Durante uma audiência de extradição em fevereiro, advogados britânicos representando o governo dos EUA gastaram apenas algumas palavras com as senhas criptografadas. Em vez disso, deixaram claro que a maior parte da teoria dos EUA era que ao operar um site que publicaria informações de denunciantes, Assange estava solicitando a outros que cometessem hacking e “roubassem” informações de defesa nacional. As acusações de conspiração, ajuda e incentivo, assim como todas as acusações contra Assange, foram uma tentativa do governo dos EUA de criminalizar o jornalismo.

No final, Assange se declarou culpado de uma única acusação de violação da disposição de conspiração do Ato de Espionagem. A “informação criminal“, a narrativa do governo sobre o crime, não mencionava nada sobre hacking. Em vez disso, alegava que entre 2010 e 2011, Manning e Assange estavam envolvidos em uma conspiração criminosa juntos. Como parte dessa conspiração, eles violaram três disposições do Ato de Espionagem.

Os atos criminosos foram: Manning, que tinha posse legal de informações de defesa nacional, as deu a Assange, que não estava autorizado a recebê-las; Manning, que tinha posse não autorizada de informações de defesa nacional, as deu a Assange, que não estava autorizado a recebê-las; e que Assange recebeu informações de defesa nacional de Manning. Em resumo, um denunciante deu informações sobre abusos de poder a um jornalista e o jornalista as aceitou.

O governo dos EUA chama isso de “conspiração para obter e divulgar informações de defesa nacional”, mas há outra palavra para isso: jornalismo.

Uma arma carregada

Ao aceitar um acordo de confissão, Assange não estabeleceu nenhum precedente legal.
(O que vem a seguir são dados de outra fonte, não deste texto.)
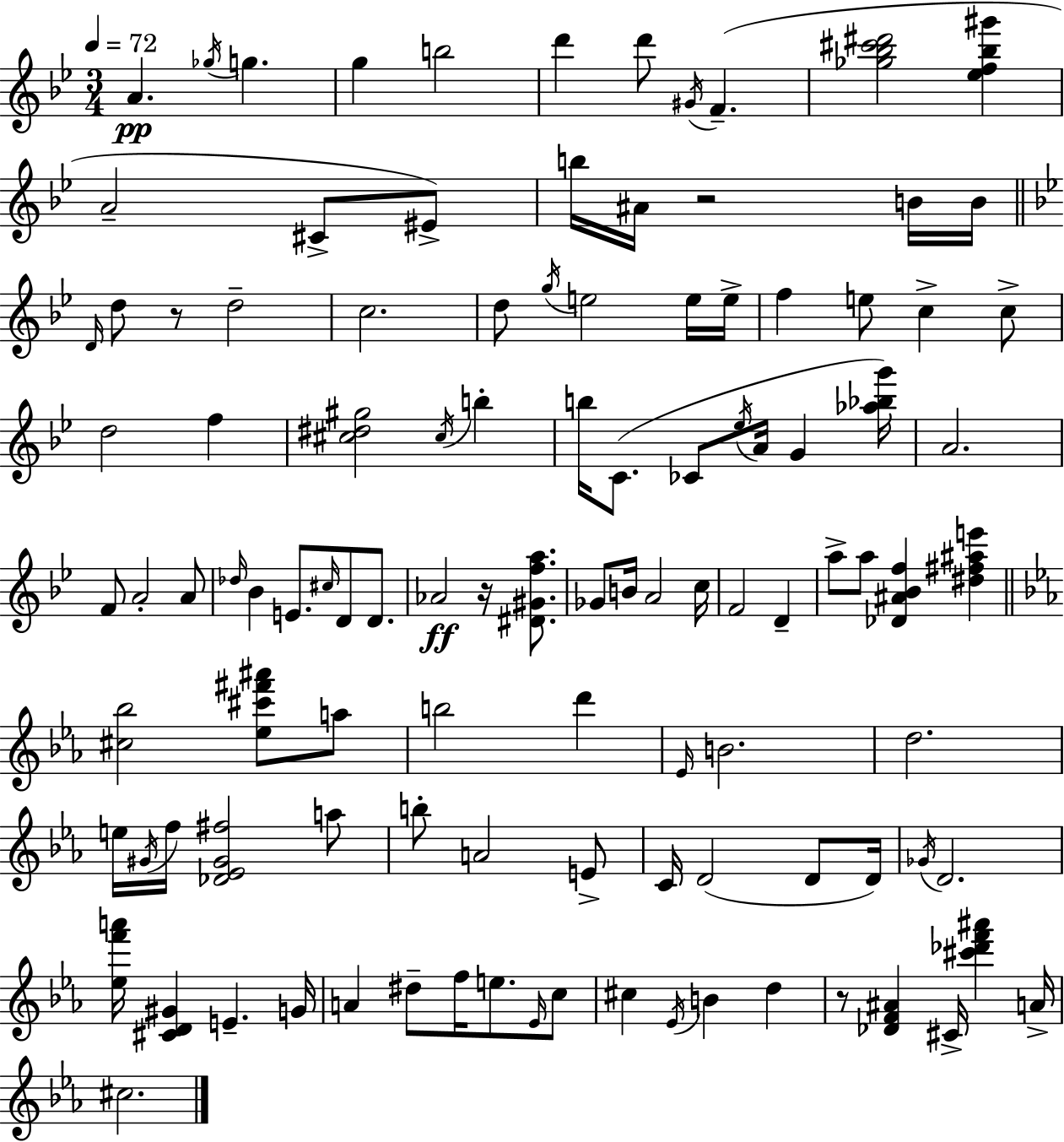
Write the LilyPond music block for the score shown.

{
  \clef treble
  \numericTimeSignature
  \time 3/4
  \key bes \major
  \tempo 4 = 72
  \repeat volta 2 { a'4.\pp \acciaccatura { ges''16 } g''4. | g''4 b''2 | d'''4 d'''8 \acciaccatura { gis'16 } f'4.--( | <ges'' bes'' cis''' dis'''>2 <ees'' f'' bes'' gis'''>4 | \break a'2-- cis'8-> | eis'8->) b''16 ais'16 r2 | b'16 b'16 \bar "||" \break \key bes \major \grace { d'16 } d''8 r8 d''2-- | c''2. | d''8 \acciaccatura { g''16 } e''2 | e''16 e''16-> f''4 e''8 c''4-> | \break c''8-> d''2 f''4 | <cis'' dis'' gis''>2 \acciaccatura { cis''16 } b''4-. | b''16 c'8.( ces'8 \acciaccatura { ees''16 } a'16 g'4 | <aes'' bes'' g'''>16) a'2. | \break f'8 a'2-. | a'8 \grace { des''16 } bes'4 e'8. | \grace { cis''16 } d'8 d'8. aes'2\ff | r16 <dis' gis' f'' a''>8. ges'8 b'16 a'2 | \break c''16 f'2 | d'4-- a''8-> a''8 <des' ais' bes' f''>4 | <dis'' fis'' ais'' e'''>4 \bar "||" \break \key ees \major <cis'' bes''>2 <ees'' cis''' fis''' ais'''>8 a''8 | b''2 d'''4 | \grace { ees'16 } b'2. | d''2. | \break e''16 \acciaccatura { gis'16 } f''16 <des' ees' gis' fis''>2 | a''8 b''8-. a'2 | e'8-> c'16 d'2( d'8 | d'16) \acciaccatura { ges'16 } d'2. | \break <ees'' f''' a'''>16 <cis' d' gis'>4 e'4.-- | g'16 a'4 dis''8-- f''16 e''8. | \grace { ees'16 } c''8 cis''4 \acciaccatura { ees'16 } b'4 | d''4 r8 <des' f' ais'>4 cis'16-> | \break <cis''' des''' f''' ais'''>4 a'16-> cis''2. | } \bar "|."
}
Mas ao buscar implacavelmente destruir Assange e insistir que o jornalismo é um crime sob o Ato de Espionagem, o governo dos EUA estabeleceu um preocupante precedente político.

O WikiLeaks não só publicou as revelações de Manning. Por um breve período, fosse uma corporação ou governo, parecia que se tentasse explorar o público e se esconder por trás de um segredo, o WikiLeaks o exporia. É este experimento em transparência radical que o governo dos EUA procurou tão brutalmente extinguir.
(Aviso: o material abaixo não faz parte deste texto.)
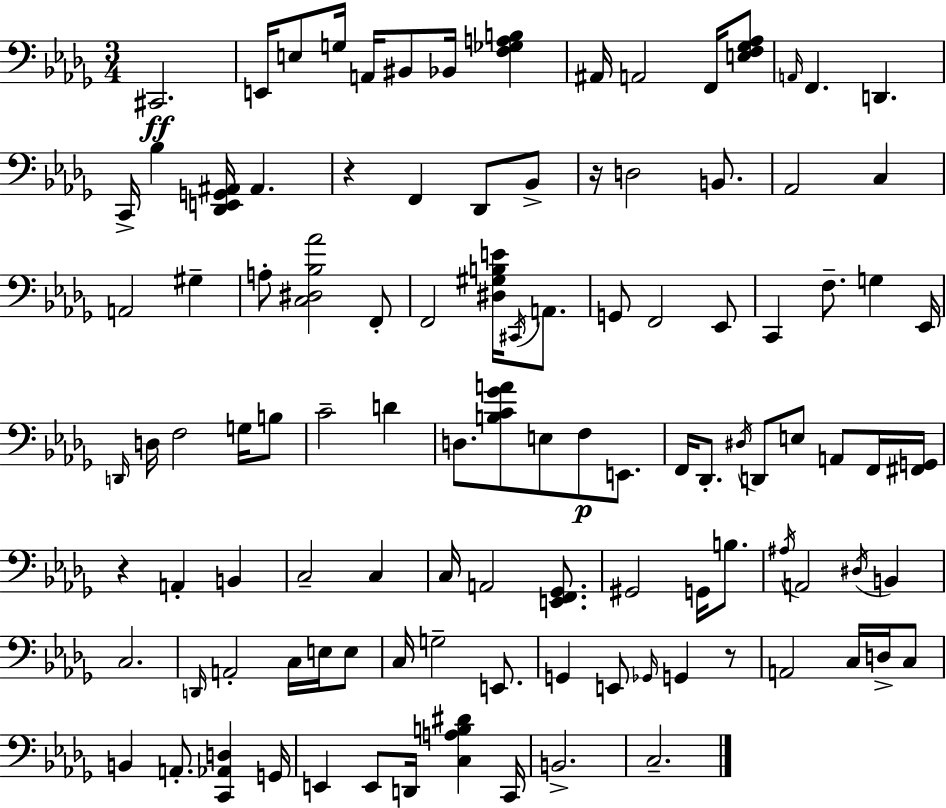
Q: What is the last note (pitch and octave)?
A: C3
O mundo é um lugar melhor por causa das denúncias de Manning e do jornalismo de Assange e do WikiLeaks. E é um lugar pior por causa da decisão do governo dos EUA de intimidar futuros contadores de verdades ao buscar implacavelmente destruir aqueles envolvidos.

Assange está livre. Dado que havia sérias dúvidas se Assange sobreviveria a esse tormento, essa é uma incrível vitória que merece ser celebrada. Mas o Ato de Espionagem continua sendo uma arma carregada a ser usada contra jornalistas, denunciantes e o direito do público de saber. Mesmo ao finalmente deixar Assange ir, o estado de segurança deixou claro que usarão essa arma. Agora é nosso dever desarmá-los de uma vez por todas.